Dr Jha: The symptoms are similar to pneumonia. Fever, cough, breathing difficulty, invasion of blood vessels that leads to low blood pressure and, in some cases, bleeding from the mouth, which is referred to as Hemoptysis.

It is important to note that Aspergillosis/Green Fungus is not contagious and cannot be transmitted from one being to another or from animals to people.

According to CDC, the symptoms vary depending on the type of Aspergillosis one has contracted. The different symptoms associated with other Aspergillosis diseases are as follows:

Allergic bronchopulmonary Aspergillosis (ABPA):

  • Wheezing
  • Shortness of breath
  • Cough
  • Fever (in rare cases)

Allergic Aspergillus sinusitis:

  • wheezing
  • Stuffiness
  • Runny nose
  • Headache
  • Reduced ability to smell

Aspergilloma (fungus ball):

  • Cough
  • Coughing up blood
  • Shortness of breath

Chronic pulmonary Aspergillosis:

  • Weight loss
  • Cough
  • Coughing up blood
  • Fatigue
  • Shortness of breath

Invasive Aspergillosis:

  • Fever
  • Chest pain
  • Cough
  • Coughing up blood
  • Shortness of breath
  • Other symptoms can develop if the infection spreads from the lungs to other parts of the body.

What are the treatment options?

Dr Jha: There are antifungal agents that are used for the treatment of these diseases. In the case of Mucormycosis/Black Fungus, the treatment options are very few but in the case of Aspergillosis, medicines are available for both oral consumption and intravenous (IV) administration.

It is important to note that Aspergillosis is treatable.
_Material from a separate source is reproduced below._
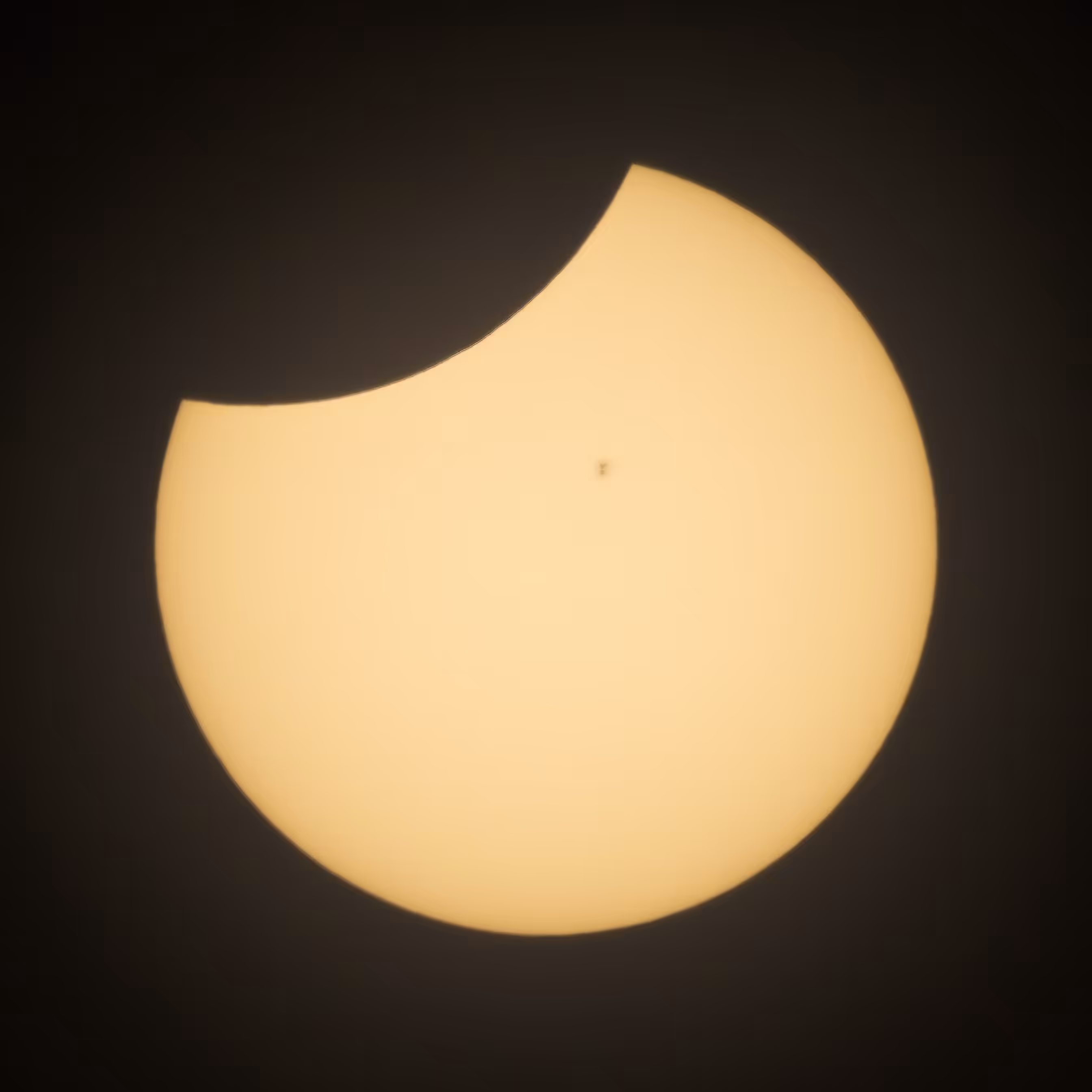 MOON:BEAM 0659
In my years of practice I have successfully treated many patients with Aspergillosis.

What precautions should one follow to stay safe?

Dr Jha: To begin with, the use of steroids in the treatment of COVID-19 must be justified. One should refrain from using steroids as an OTC (Over The Counter) drug and they should not be consumed unless it has been prescribed by a treating physician.

According to the CDC, one should try to avoid areas with a lot of dust like construction or excavation sites. If you can’t avoid these areas, wear an N95 respirator–a type of face mask–while you’re there.

  • Avoid activities that involve close contact to soil or dust, such as yard work or gardening.
  • Wear shoes, long pants, and a long-sleeved shirt when doing outdoor activities such as gardening, yard work, or visiting wooded areas.
  • Wear gloves when handling materials such as soil, moss, or manure.
  • To reduce the chances of developing a skin infection, clean skin injuries well with soap and water, especially if they have been exposed to soil or dust.

Continue to wear a double mask, maintain physical distancing and wash your hands or sanitise at regular intervals.